Until a century ago, South Indians appended their names with the name of their caste (yuck), which was handed down from generation to generation. Thankfully, sometime in the last century, many South Indians decided to give up their caste names. In the North, it was different, they had the system of surnames, much like in the West.

So all of a sudden, my father-in-law, Johnson Thangaraj Castename found himself with his first and middle names Johnson and Thangaraj and no other name to connect him with anyone else on the face of the earth. His father remained David Castename till his death.  Instead of waking up to the storm that was brewing, my father-in-law gave his four children two names each too—one Bible name and one Indian name.

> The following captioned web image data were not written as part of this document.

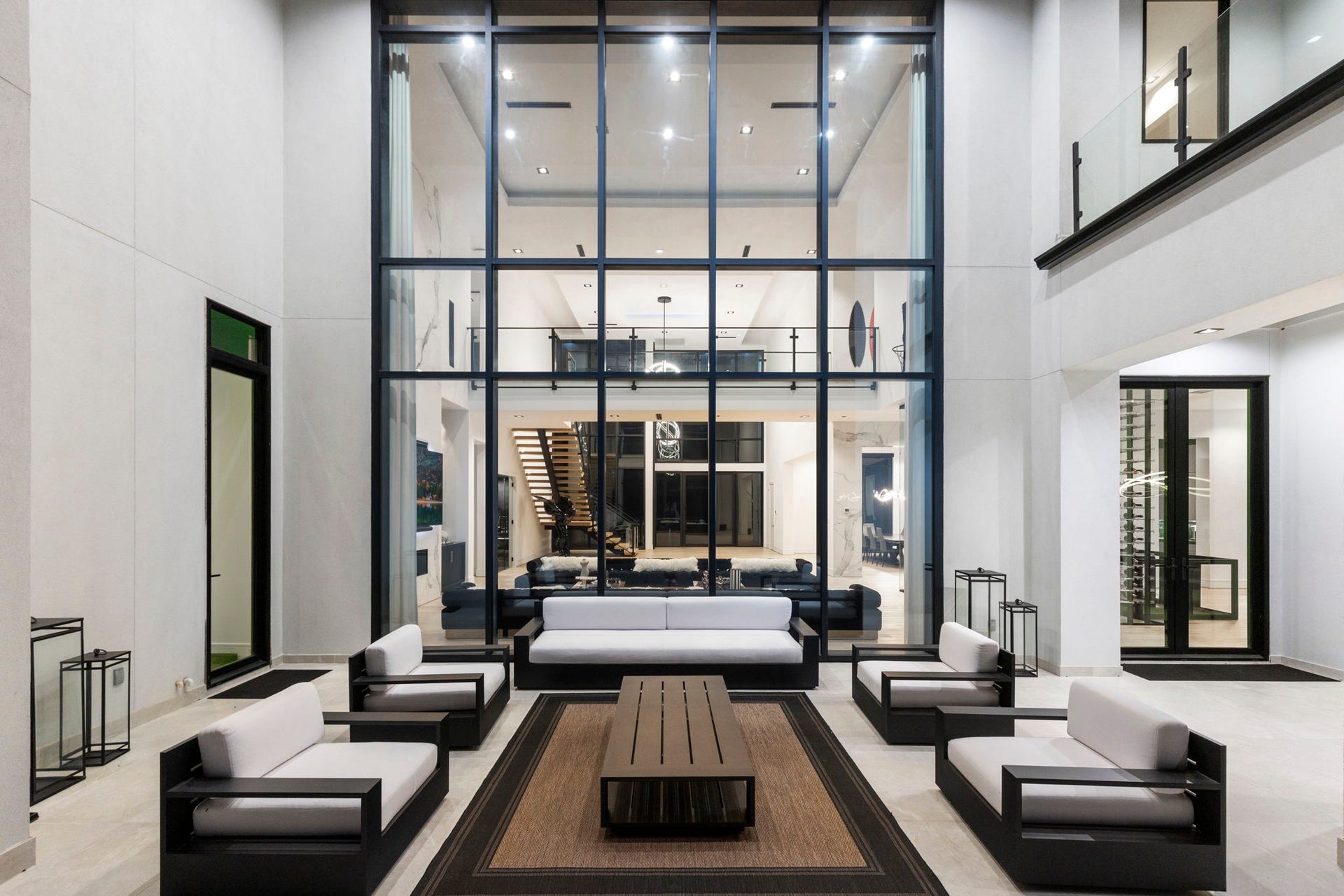 A two-story glass curtain wall seamlessly connects the main interior living room to an exquisite, covered outdoor atrium lounge.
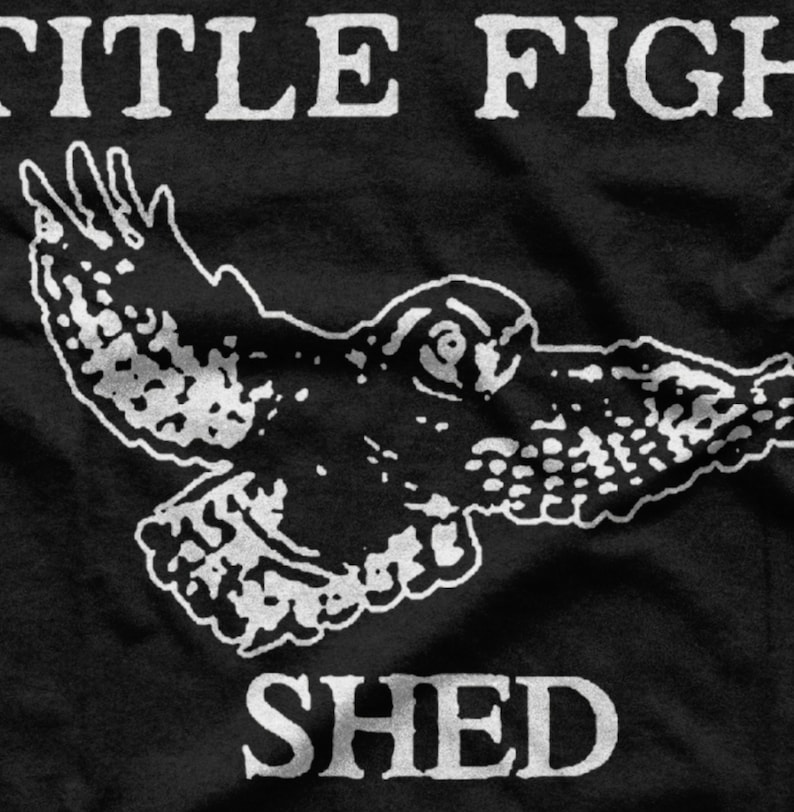 Puede incluir: Camiseta negra con un gr&aacute;fico blanco de un p&aacute;jaro en vuelo y el texto "TITLE FIGHT SHED" debajo.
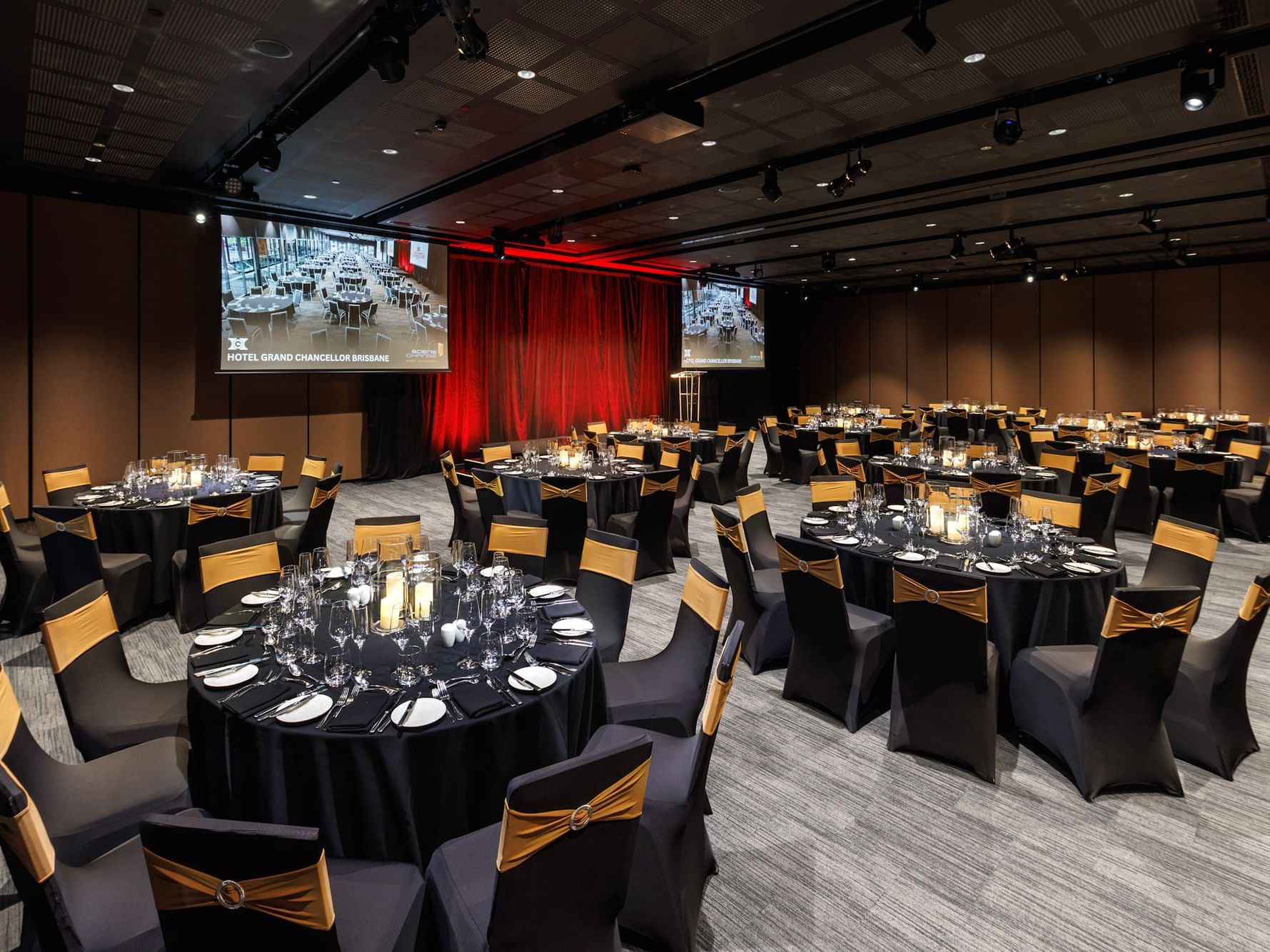 Large corporate gala dinner setup with round banquet tables, stage lighting, and presentation screens at Hotel Grand Chancellor Brisbane event venue.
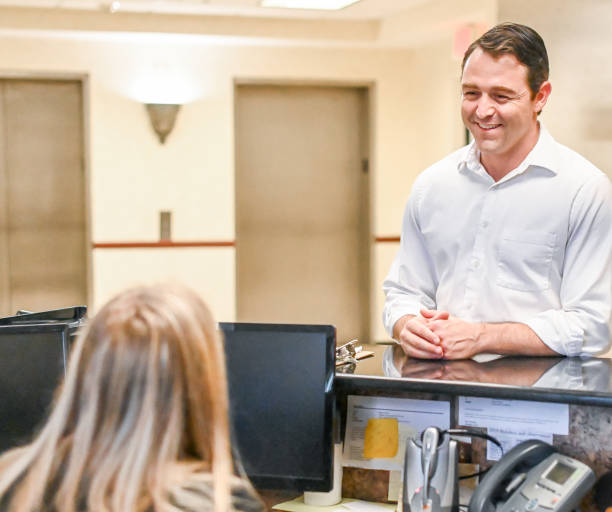 istock Man stands at at reception desk and talks to a receptionist in an office setting 1165722067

The Indian names of the boys even rhymed: Gnanasekhar, Surendar, and Dhinakar, which was kind of cool. And his wife became a Mrs. Johnson, to take on her husband’s name.

By this time, in South India, the problem of not having surnames was circumvented by having an initial. So my husband Philip Dhinakar became J. Philip Dhinakar. The J was for Johnson of course.

When I married Philip Dhinakar, I could hardly wait to change my surname. Maybe I shouldn’t have been so eager for change, especially considering that my father had gone through so much to achieve a surname for the family and ended up with no son to perpetuate it.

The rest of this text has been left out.